Japan's magnetically levitated vehicle train sets new speed record.

Magnetically levitated vehicle surpasses 366mph on test track and sets sights on going even faster

Japan’s magnetically levitated (maglev) train has set a new speed record, hitting 366.61mph on a test track.
Central Japan Railway Co., which is developing a vehicle that it sees as the long-distance, mass transportation system of the future, is aiming to break the 600km per hour (372.82mph) in more tests scheduled for next week.
The seven-car maglev surpassed the previous record, which it sent in December 2003, for a period of 19 seconds on JR Central’s test track in Yamanashi Prefecture, west of Tokyo, on Thursday.
The company is pushing ahead in its development of the maglev, which uses magnetic pulses to propel the carriages, doing away with the need for wheels, axles and bearings, after being granted approval to construct a track between Tokyo and Nagoya.
The reduction in the number of parts that come into contact with the track gives the maglev dramatically less friction, providing a smoother and quieter ride at a faster speed.
Maglev projects have been put into operation previously – Shanghai put its Transrapid system into operation in 2004 and similar vehicles are used at airports in South Korea and Beijing – although Japan is regarded as the world leader in the technology and nothing on the scale of the Tokyo-Nagoya route has ever before been attempted before.
JR Central is hoping to complete the stretch of maglev track to Nagoya by 2027, reducing a journey that at present takes 90 minutes by bullet train to just 40 minutes.
More than 80 per cent of the 177-mile Linear Chuo Shinkansen track will be underground, although this has generated concerns over how to dispose of an estimated 2 billion cubic feet of soil and rock excavated for the tunnels.
The track will be extended to Osaka by 2045 and the journey from Tokyo to Japan’s second city will take just one hour.
The cost of the project has been put at 8.44 trillion yen (£47.5 billion) but Japan is hoping to claw some of that back by selling the technology overseas.

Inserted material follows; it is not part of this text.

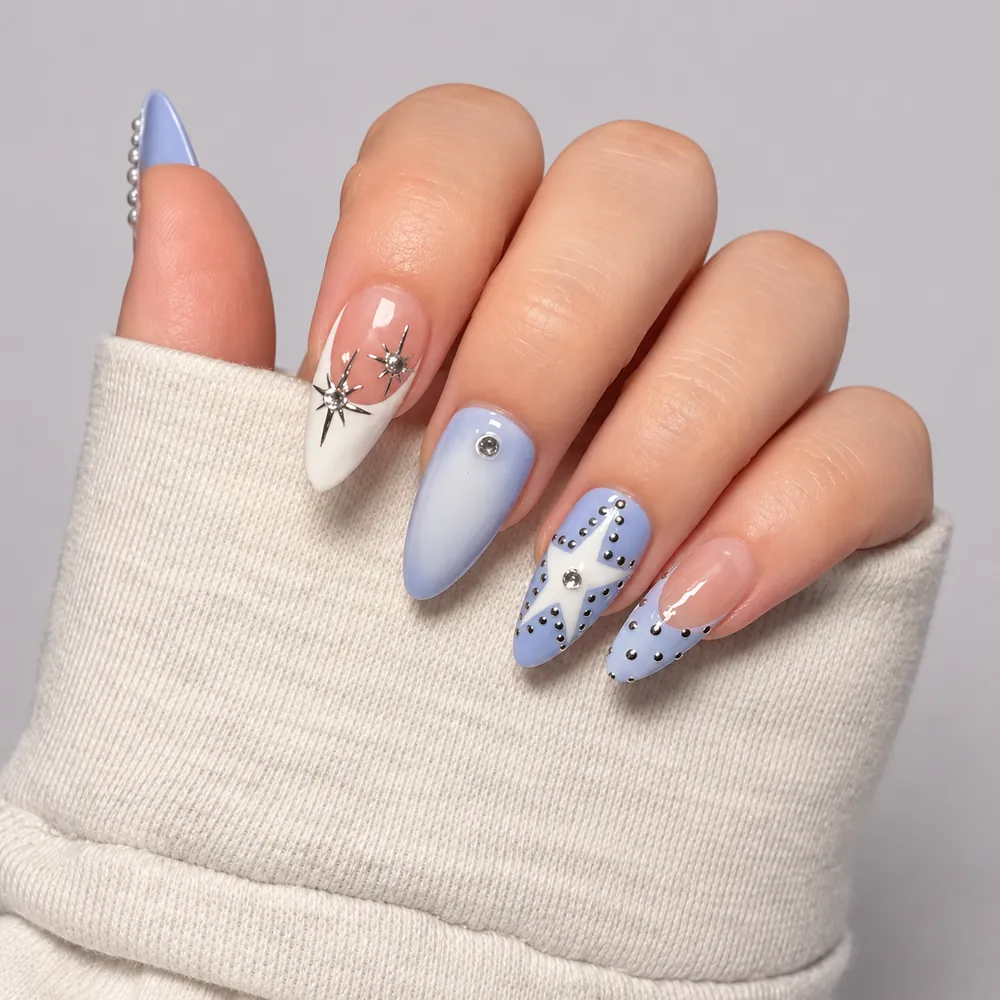 Blue Ombré Star Rhinestone French Almond Press-On Nails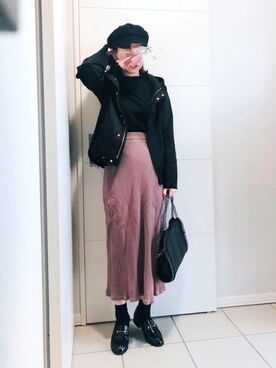 「くすみピンク」｜「アイテム（マウンテンパーカー）」を使った、❁⃘asa❁⃘さん（レディース・150cm）の春コーディネート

Plans are in place for Japanese firms to build a maglev system in the United States, where it would link Washington DC and Baltimore in a mere 15 minutes.
The 37-mile journey presently takes one hour by conventional rail link and Tokyo is so keen to use the route as a demonstration of its maglev technology that it has offered to pay half the estimated £5.4 billion construction cost.